Friday, March 17, 2006

Gay Marriage News

Same-Sex Unions and Polygamy: Developments
According to a report at, an article from the March 20, 2006, edition of Newsweek magazine discusses the attempt to use the 2003 U.S. Supreme Court decision, Lawrence v. Texas to extend the court's recognition of the right of consenting adults to engage in private activities without government interference from the setting aside of a Texas law prohibiting sodomy to the practice of polygamy. (Of course, once polygamy is permitted, it should follow that polyandry would likewise be allowed by law.) The argument is associated with a lawsuit filed in Utah by a couple (man and woman, also husband and wife) who were denied a marriage license when an additional wife was sought. The suit was denied by the federal court, but is now being reviewed by the Tenth Circuit Court of Appeals -- where the Lawrence v. Texas decision is expected to be cited on behalf of the couple.

It's going to happen, folks. It may not be here; it may not be today, or tomorrow -- but it is going to happen. As our society increasingly cuts itself loose from the anchor of Christian morality and ethics, there is no reason why the state should not permit such "marriages," either on the part of same-sex unions, or those of the "poly" variety.
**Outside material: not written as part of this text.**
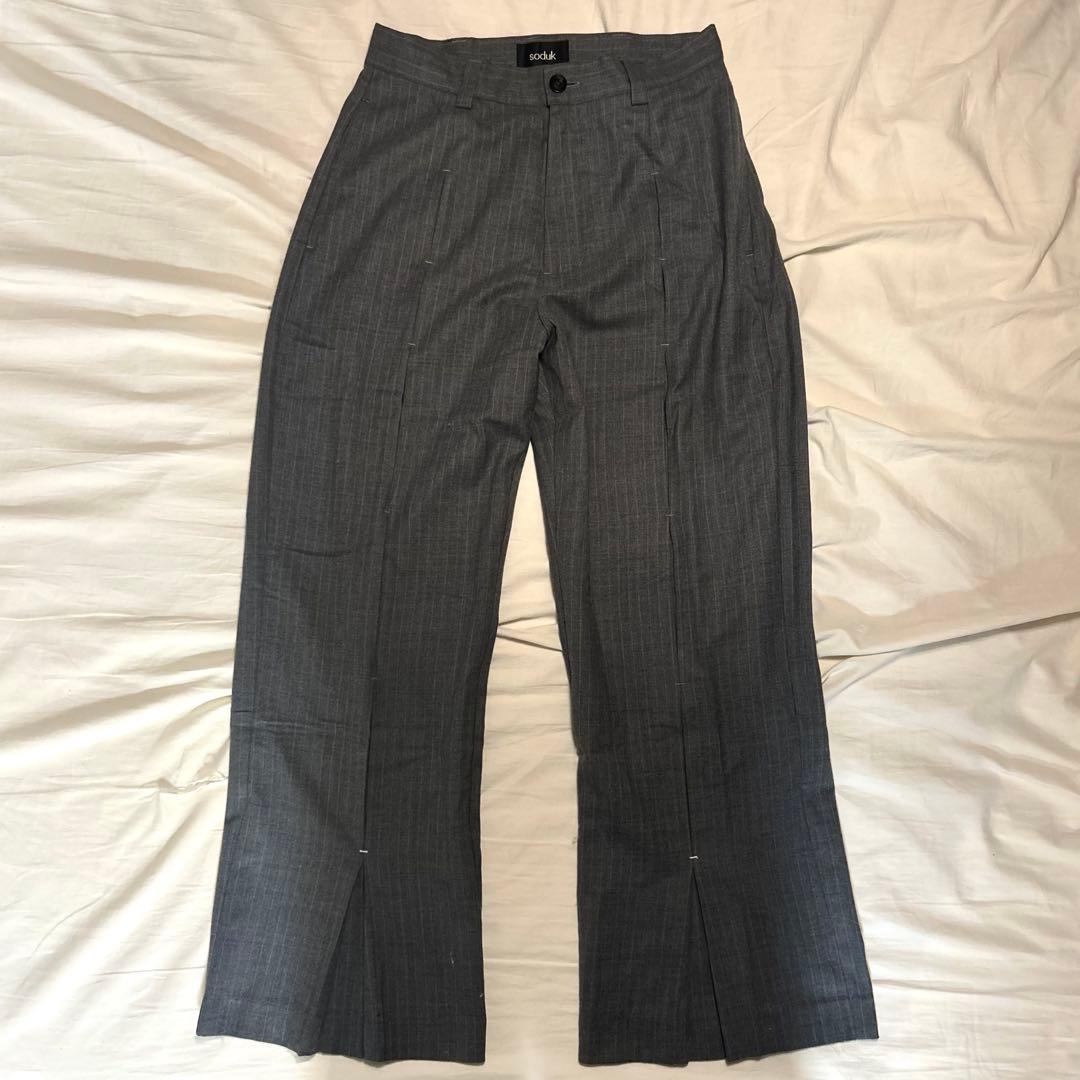 2020f/w soduk タックストライプスラックス タックストライプスラックス | ファッション通販サイト NUGU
We are moving toward an appreciation of marriage that approximates that of the (pagan) Roman Empire, where marriage served to clearly indicate lines of inheritance, and to otherwise maintain public decency and order. Even today, if you look closely at the marriage statutes on the books in most (if not all) states, the language almost suggests a sense of "corporate mergers" -- that is, entity A and entity B desire to merge their assets and liabilities and establish a joint entity C. State marriage laws examine the "merger" to make certain that both entities have an actual legal existence, and are not precluded from entering into such a merger. As well, the state laws also address the possibility that the merger is not permanent, and so sets forth the way in which the assets and liabilities of the joint entity are to be distributed in the event the merger is dissolved, as well as providing for the management and maintenance of any "subsidiary entities" that may have arisen as a result of the merger. (That is, children of the marriage.) The bottom line, from the state's perspective, is to ensure that the disagreements don't disrupt the public order; and to make sure that the chance of any participants becoming dependent upon the resources of the state (especially financial) is minimized or, ideally, prevented. Such language is not limited to the union of one man and one woman. Same-sex and "poly" unions can just as easliy be integrated into statutory language.
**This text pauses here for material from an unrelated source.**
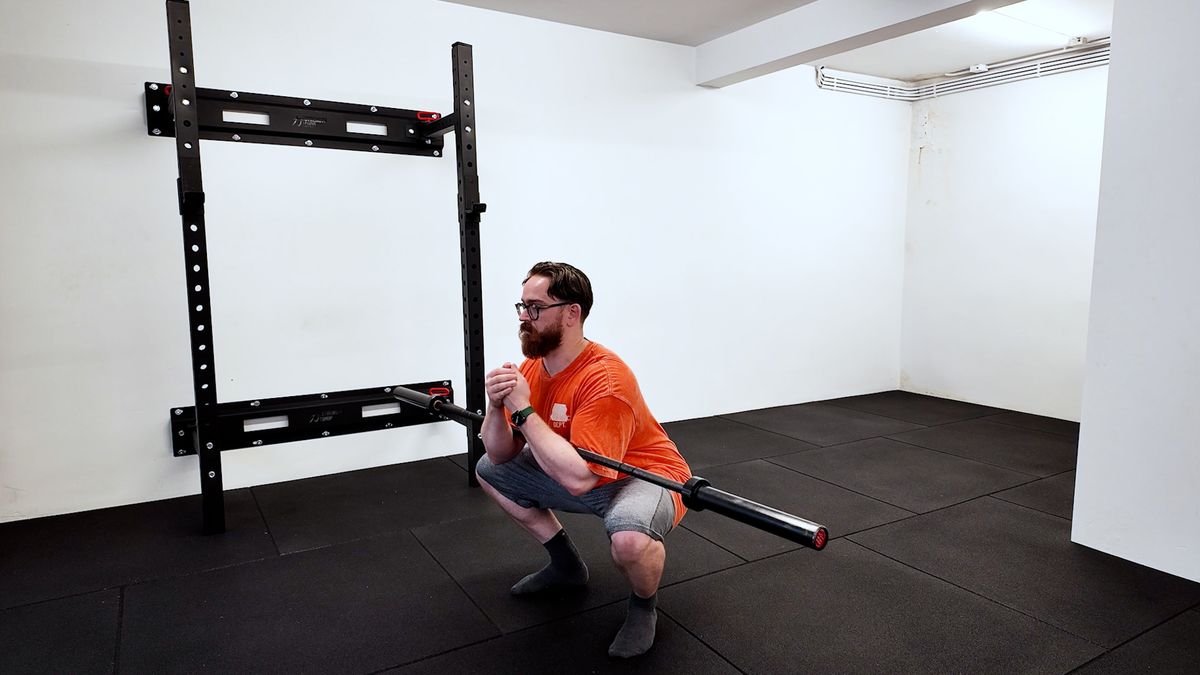 Zercher squat avec pause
The practice of polygamy in certain areas of the western United States, and, in particular, in southern Utah and northern Arizona, is an open secret. There are two legitimate reasons for the states to intervene: the practice in these (and other) areas of marrying underage girls to older (sometimes, much older) men -- usually without their consent (although typically with the consent of their fathers); and the tendency of these families to request and receive economic assistance from the state (welfare) because the mothers are typically "stay at home" moms, and the single husband is unable to earn enough to provide for all of his wives and offspring. Well, this can be easily addressed in the law: prohibit the marriage of minors, regardless of consent, if the marriage will be a plural one; and exclude such families from welfare eligibility. In such cases, it will become the responsibility of the community (which usually has a religious basis) to provide for the needs of its own.
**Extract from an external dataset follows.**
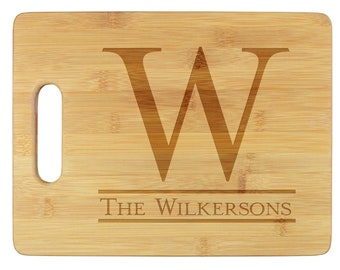 Personalized Engraved Cutting Board/Serving Tray, Custom Cutting Board, Custom Named Wood Board, Personalized Wood Board, Made In The USA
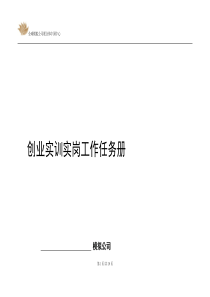 创业计划实纲任务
Of course. when Christian morality is brought into play, the rules change; but, as this morality is increasingly unwelcome in the governmental process, we can only hope to hold on to what we have -- and that won't be enough...

Gay Mormon Faces Excommunication
The Associated Press has reported that a Utah man who obtained a legal "marriage" to his same-sex partner in Canada faces excommunication for violating the teachings and practices of the Church of Jesus Christ of Latter-Day Saints. Buckley Jeppson, of Washington, D.C., who married Mike Kessler in Toronto on August 27, 2004, was told that a "disciplinary council" of the LDS Church will decide what action should be taken. The article adds, "It is believed that if Jeppson is excommunicated, it would be the first time a Mormon in a legal, same-sex marriage was punished by the church."

It will be interesting to see if Mr. Jeppson is, indeed, excommunicated; and what will happen next if this is the action taken. Is there a lawsuit against the LDS disciplinary council in the future?

Economic Warfare

U.S. Debt Ceiling Increased
The U.S. Senate voted yesterday to increase the debt "ceiling" by some $800 billion dollars, setting the new ceiling level at 9trillion dollars. (The old limit had been $8.2 trillion.) The move was necessary to prevent a U.S. default on U.S. Treasury notes, particularly those held by foreign investors. The vote was 52-48. The vote came just hours before votes scheduled to appropriate funds for the war in Iraq and continued recovery costs from last summer's hurricanes, especially Katrina. According to the report by ABC-News, the increase in the debt level allows the increased expenditures without making it necessary to raise taxes. The increase in the debt ceiling equals about $30,000 for each man, woman, and child living in the United States.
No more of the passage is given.